Review Request CR#7118743 : Alternative Hashing for String with Hash-based Maps

Tue May 29 21:25:25 UTC 2012

On May 28 2012, at 12:34 , Doug Lea wrote:

> On 05/25/12 21:43, Ulf Zibis wrote:
>> To me it seems, that computing the murmur hash is more expensive, especially on
>> short strings, than the old hash algorithm.
> 
> It is definitely slower, but also definitely has better statistical
> properties (fewer collisions when used in hash tables).
> 
> In its original (C) context, Murmur hash is often about as fast as other
> string hashes, because it operates on 4byte words rather than 1-byte
> elements at a time. So even though the per-element cost is much higher, it
> takes 1/4 the steps. When done on Java char[]'s though, it can only
> process 2 chars at a time. (Plus, we cannot necessarily read 32bitsat a
> time because of possible byteswapping.) So it is a struggle to make
> it only twice as slow.

An intrinsic and/or native version might be added later if it turns out that the Java murmur3 implementation is a performance bottleneck. So far it hasn't been a particular bottleneck. Implementations are also free to change to a different algorithm for performance, security or scalability reasons as they see fit.

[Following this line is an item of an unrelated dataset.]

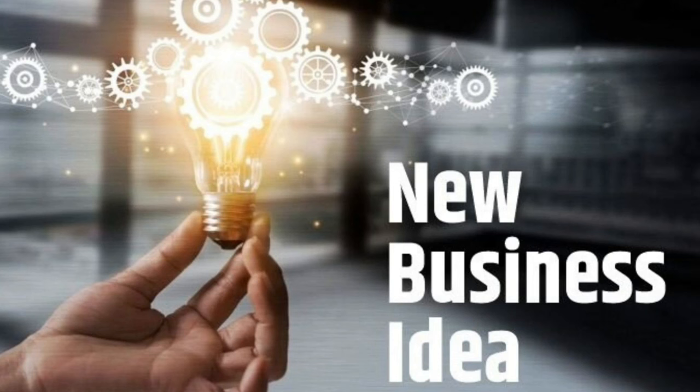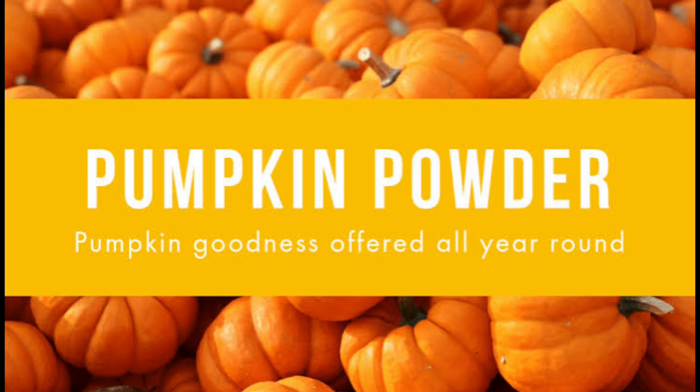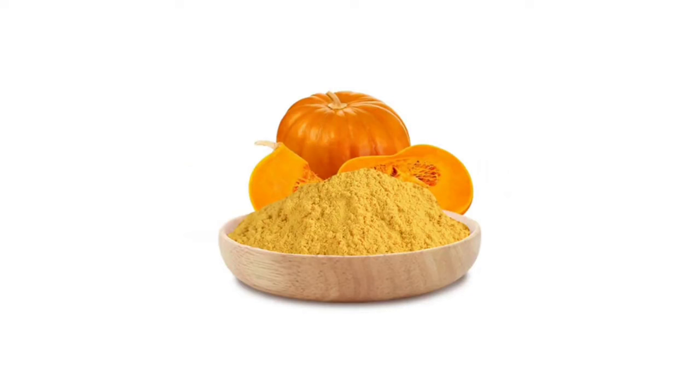Subscribe and click on the notification bell for support. Check our new videos for the latest updates. Now let's go to our new video. My food product is a pumpkin powder. This is how we are ready for the wheat and for the packing.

> This means that any application that hashes strings only once will
> be slower than using (old) hashCode. but any application that
> uses the (cached) hashes more than a few times will tend to run
> faster than old hashCode version because of higher quality hash codes.
> A few tests so far confirm this.

This was my result as well. Caching makes most of the differences between String.hashCode (legacy algorithm) and String.hash32 (the murmur3 implementation) disappear. I actually tested with a version of hashCode that recalculated the result 2X, 5X and 10X times in a loop to look at the impact of caching. The conclusion was that even a 5X more expensive hashing algorithm was bearable as long as caching was present. There are still many cases where caching can't be present, such as parsing, where all of the items being hashed are new objects with no previously cached hash value. These cases require that we provide a reasonably performing hash algorithm. Murmur3 is slower than the legacy algorithm but not enough slower to cripple overall usage and it's better distribution really shines on larger tables.

>> So I think, a developer should have an influence on the hash algorithm to be
>> used by a hash map,
> 
> I've had to make a lot of internal adjustments in hash tables to
> counteract crummy user hashCode() algorithms over the years,
> so I think that the less control, the better :-)

I am in agreement with Doug. I've seen checked in code with "return 0;" as the hashCode implementation for classes used as hash keys. One example that clearly didn't understand hashes had a different random number as the hashCode result for each class.... 

Mike